On The first introduction of a product to the ancient Iberia was that of wheat. Wheat was thought to be brought by Iberians from the south of the peninsula[citation needed]. It was perhaps brought from Aquitaine in the north of the peninsula, due to the difficulty of transporting from the south. In time, the wheat of Iberia came to be considered to be the best in the Roman Empire, and became one of the main commodities of foreign trade. The Romans' early approval of the wheat led to the spread of wheat from Spain to Greece and Egypt.

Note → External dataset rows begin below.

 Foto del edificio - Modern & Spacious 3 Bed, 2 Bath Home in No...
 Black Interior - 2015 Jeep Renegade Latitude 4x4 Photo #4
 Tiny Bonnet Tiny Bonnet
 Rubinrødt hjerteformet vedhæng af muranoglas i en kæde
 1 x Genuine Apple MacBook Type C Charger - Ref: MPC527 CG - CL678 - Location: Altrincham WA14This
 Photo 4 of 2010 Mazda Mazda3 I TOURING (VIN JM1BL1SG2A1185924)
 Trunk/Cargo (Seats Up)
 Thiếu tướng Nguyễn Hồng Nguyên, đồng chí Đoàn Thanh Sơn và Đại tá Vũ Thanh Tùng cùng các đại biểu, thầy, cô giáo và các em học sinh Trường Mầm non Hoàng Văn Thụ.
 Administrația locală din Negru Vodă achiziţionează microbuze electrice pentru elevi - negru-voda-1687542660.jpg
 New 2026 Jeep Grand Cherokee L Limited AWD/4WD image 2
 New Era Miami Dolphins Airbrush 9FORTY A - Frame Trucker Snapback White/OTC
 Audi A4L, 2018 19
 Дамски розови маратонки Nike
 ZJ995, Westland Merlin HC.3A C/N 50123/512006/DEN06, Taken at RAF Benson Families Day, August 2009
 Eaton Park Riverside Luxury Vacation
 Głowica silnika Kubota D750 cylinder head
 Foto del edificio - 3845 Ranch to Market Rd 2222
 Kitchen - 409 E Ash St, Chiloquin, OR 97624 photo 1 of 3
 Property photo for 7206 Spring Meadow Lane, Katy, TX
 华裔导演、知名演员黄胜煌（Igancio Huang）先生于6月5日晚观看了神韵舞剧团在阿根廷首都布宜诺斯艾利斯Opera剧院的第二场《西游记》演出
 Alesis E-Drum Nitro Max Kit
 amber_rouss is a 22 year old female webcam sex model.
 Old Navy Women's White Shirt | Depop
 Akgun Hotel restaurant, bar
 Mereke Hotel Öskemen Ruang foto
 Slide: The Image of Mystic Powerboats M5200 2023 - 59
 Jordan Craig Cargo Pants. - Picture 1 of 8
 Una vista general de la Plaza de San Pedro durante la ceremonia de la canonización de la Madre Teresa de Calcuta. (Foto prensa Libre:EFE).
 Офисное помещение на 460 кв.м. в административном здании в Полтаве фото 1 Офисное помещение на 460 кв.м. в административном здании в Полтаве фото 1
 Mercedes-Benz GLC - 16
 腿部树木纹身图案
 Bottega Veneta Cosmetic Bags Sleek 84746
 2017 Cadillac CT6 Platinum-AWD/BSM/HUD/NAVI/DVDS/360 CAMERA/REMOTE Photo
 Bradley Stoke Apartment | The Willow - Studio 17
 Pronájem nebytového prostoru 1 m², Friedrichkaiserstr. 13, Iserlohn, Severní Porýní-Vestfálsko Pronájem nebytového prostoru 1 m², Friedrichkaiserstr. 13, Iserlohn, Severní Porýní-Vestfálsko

There were two major kinds of diet in the peninsula. One was found in the northwest part of the peninsula, with more animal fats that correspond to the husbandry of the North. The other could be considered the precursor of the Mediterranean diet and was found in the southerly parts of the peninsula.

Roman cuisine

As early as Roman times one can say that, with the exception of products later imported from the Americas, many modern foods were consumed, although mostly by the aristocracy, not the middle class. Cooking references from that era discuss the eating habits in Rome, where foods from all of the Empire's provinces were brought. So, for an example, it is known that thousands of amphorae of olive oil were sent to Rome from Spain. Nonetheless, and especially in the Celtic areas, consumption of animal products (from lamb, beef, etc.) was more common than consumption of vegetables.

Already in that era, cabbages were well known and appreciated, and considered a panacea for various aliments. Other popular vegetables of that time were thistles (such as artichokes) and onions.

In Roman Spain the hams of Pomeipolis (Pamplona) had great prestige. The export of pork products became the basis of a strong local economy.